III.                 Concerning the text

a.       Whatever you want…  - Notice also that Jesus said was “whatever you want…”, NASB, “In everything” – this does NOT exclude anything. 

b.       “Do” – we have yet another present, imperative in this sermon – meaning, an ongoing command.

c.        For this is the law and the prophets - Jesus is emphasizing that if you consider this rule, it will affect EVERYING you do and are in service to Him.

d.       Consider this in light of Matthew 22:37-39.  Will not love be the governing factor in how we treat others?   This IS the golden rule!  This is about doing what is best in Christian love – remember our definition of Christian love – “caring enough to sacrifice for what is best.” 
It is described in 1 Corinthians 13:1-8a. 

e.       Philippians 2:3-4 – look out for the interests of others.

f.         Luke 10:30-36 – the parable of the good Samaritan.  Who did Jesus say the neighbor was?  You have in this parable 3 of the 4 “rules” we mentioned.  The thieves practiced the “iron rule”, the priest and Levite, at best, practiced the silver rule – they didn’t further harm the man, but they did not do anything for him either. 
The Samaritan practiced the “golden rule”.  He had compassion, took action and even sacrificed for one perceived to be his enemy – (Jews and Samaritans considered each other as enemies). 

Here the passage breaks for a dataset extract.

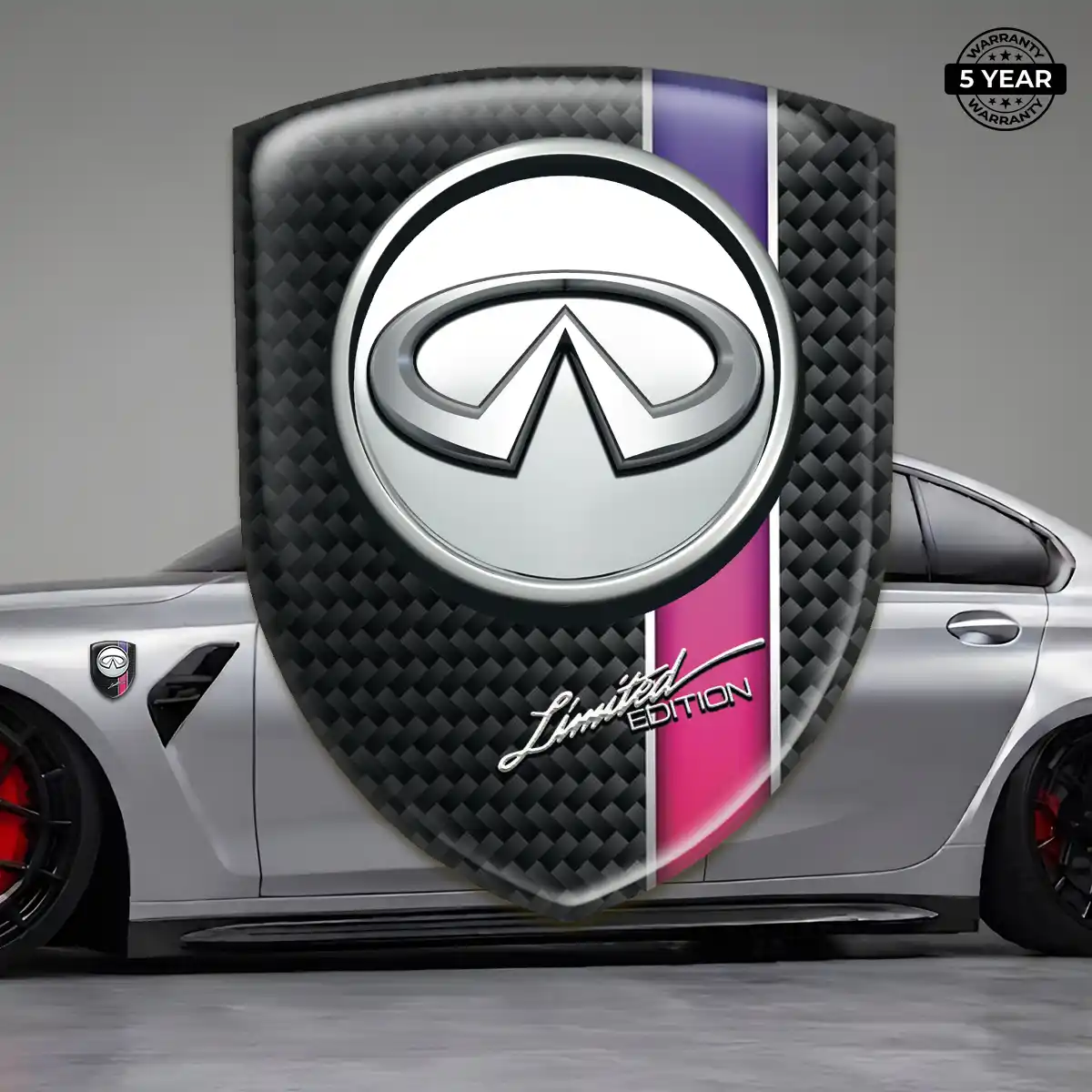 Infiniti Logo Badge Elite Finish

g.       Applying the golden rule:

                                                   i.      If I have done wrong, would I want my brother/sister to come to me about it?

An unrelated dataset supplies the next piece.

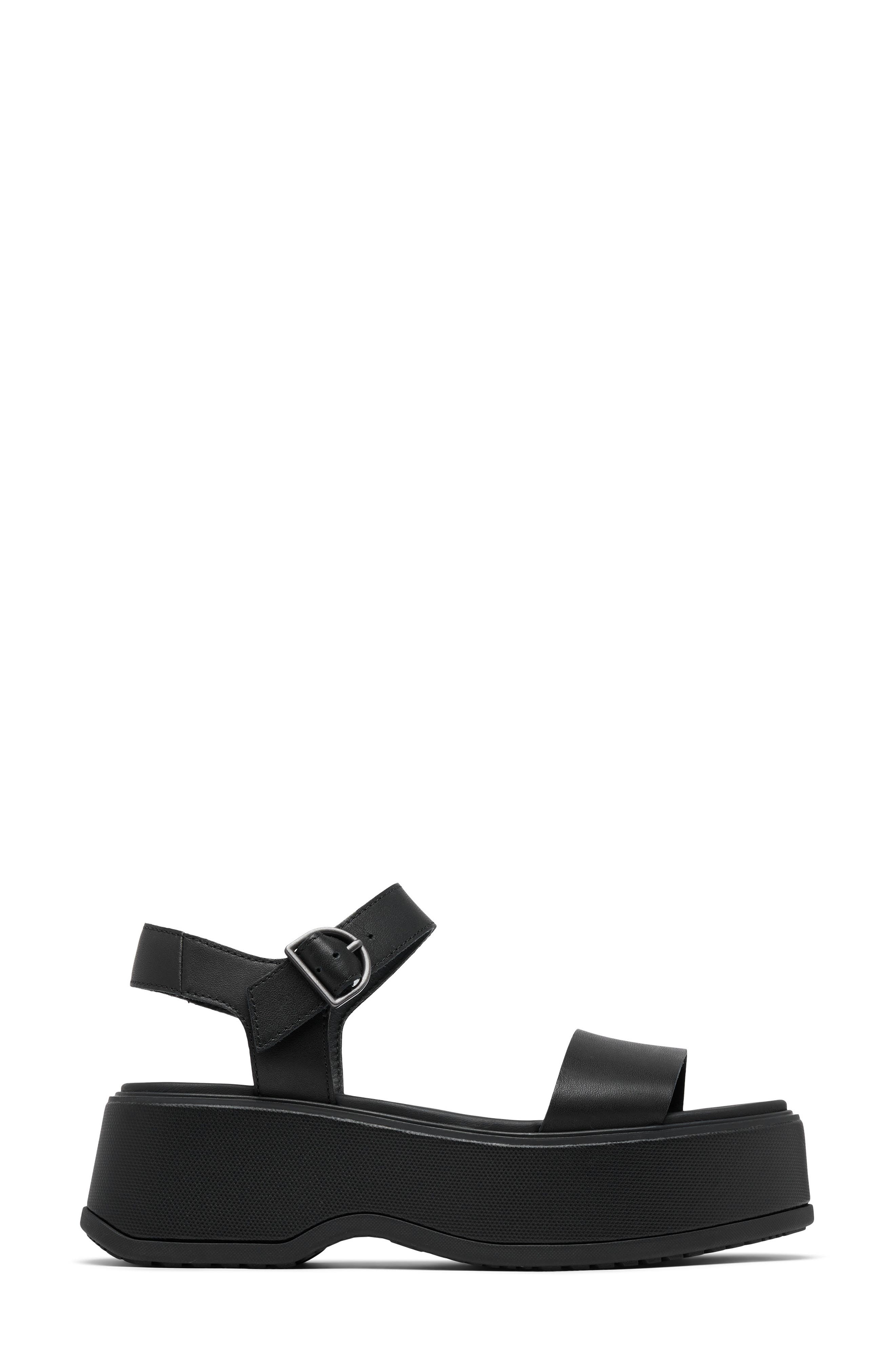 SOREL Dayspring Platform Sandal, Alternate, color, Black/ Black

                                                 ii.      Would I spread gossip about others?

                                                iii.      If I were hungry or in need, would I want others to help me?

                                                iv.      If I were lost, would I want someone to take the time to at least try and lead me to Christ?

                                                  v.      Would I be willing to sacrifice personal pleasures, time and resources to help someone in need?

                                                vi.      If I were misunderstood because of something I said or did, would I want others to give me the benefit of the doubt?

                                              vii.      Do you want others to be patient and compassionate in dealing with you? 

                                             viii.      Think of this also in terms of various relationships in life.

1.       What if the golden rule were practiced in our homes? Husbands and wives treating each other the way they want to be treated?  Parents loving and caring for their children, and children honoring and respecting their parents?

2.       What if the golden rule were practiced in business? Companies acted honorably with their customers, and customers did not try to cheat the businesses?

3.       What if the golden rule were applied in our communities?  Neighbors speaking to one another kindly, and helping each other?  Children being respectful to their elders, and elders saw the good potential in children and the younger.
What would happen to the crime rate? What would happen with the needy?

4.       What if the golden rule were practiced in our government?  We wouldn’t have political parties hating each other, and self-serving laws? 
There might be disagreement, but there were be civil treatment of each other (everyone), patience as we tried to work through our differences, laws passed that genuinely considered their citizens instead of themselves, there would be consistency between the personal behavior of politicians and the laws they passed. 

5.       What if the golden rule were practiced in our churches?  How many problems would NEVER appear? 

                                                ix.      Can ANYONE deny that our society would be better if we ALL practiced the “golden rule” in our lives?


These are just a few areas where we might apply the teachings of our text.  The more we study this sermon, the more impressive it becomes as a standard by which to live our lives.  Truly we can see how God determines true righteousness.  What about you? How is your righteousness?